The silver bottom of the 70s pattern (point 3 – Jan 1976) came in while the US Dollar Index was still in an upward move. This would have been an obstacle to a quick rise of the silver price (indeed, silver was still stuck in a consolidation long after the silver bottom.
On the current pattern the silver bottom (point 3 – December 2015) came in at exactly the peak of the US Dollar index (December 2015). This means that the first part of the current silver rally has much less resistance from US Dollar strength as compared with the 70s rally. This is likely to continue provided that the December 2015 US Dollar Index top is actually the peak.
The silver bottom of the 70s pattern (point 3 – Jan 1976) came in before the Dow peak (September 1976). This means that the Dow was still rising, which is also an obstacle to a quick rise of the silver price. This would have contributed to silver being so slow to get out of the starting blocks after the January 1976 bottom.
On the current pattern the silver bottom (point 3 – December 2015) came in after the Dow peak (May 2015). This is ideal, given the fact that silver and the Dow move in opposite directions (I have written about this extensively). Again, this means that the current silver rally since December 2015 has much less resistance (from Dow strength) as compared with the 70s. This will continue, with silver rising even faster when the Dow goes into its next leg down (which could be brutal).
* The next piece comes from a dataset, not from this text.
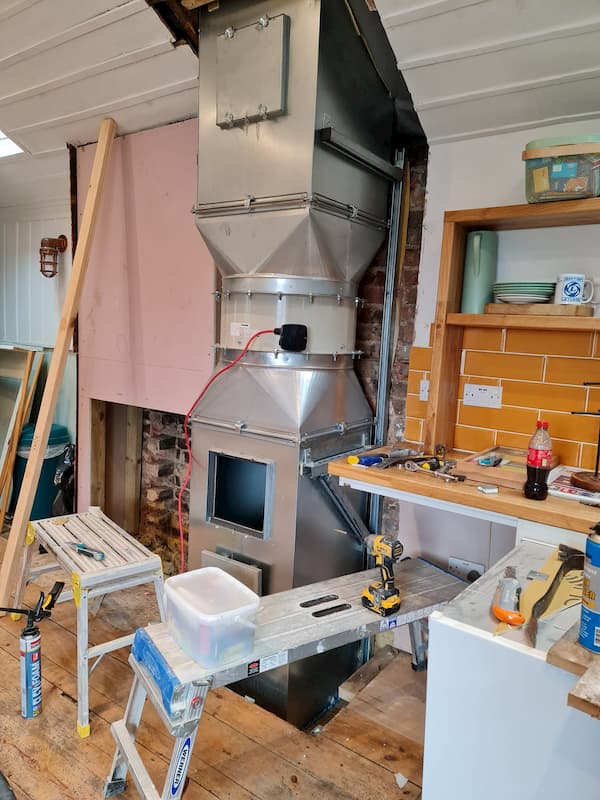 Ventilation unit which comes from The Kitchen fully stripped back and ready for sound insulation.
During the 70s, when the US Dollar index went from point 3 (January 1976) to January 1980 (some time after its bottom), silver actually went from about $3.80 to $50. If the current pattern on the US Dollar Index plays out as expected, and silver has a similar rally to that of the 70s, then silver could go to $184. Given that the expectation is for silver to outperform the 70s rally, it is likely to exceed the $184 level.
One difference that this chart does not necessarily show is the strong likelihood that the coming US Dollar collapse will not be like the previous ones, since this will bring the collapse of the monetary system (again, I have written about this extensively). This will guarantee a sudden and quick rise of silver (in any measurement), to the extent that the US Dollar price of silver will not matter.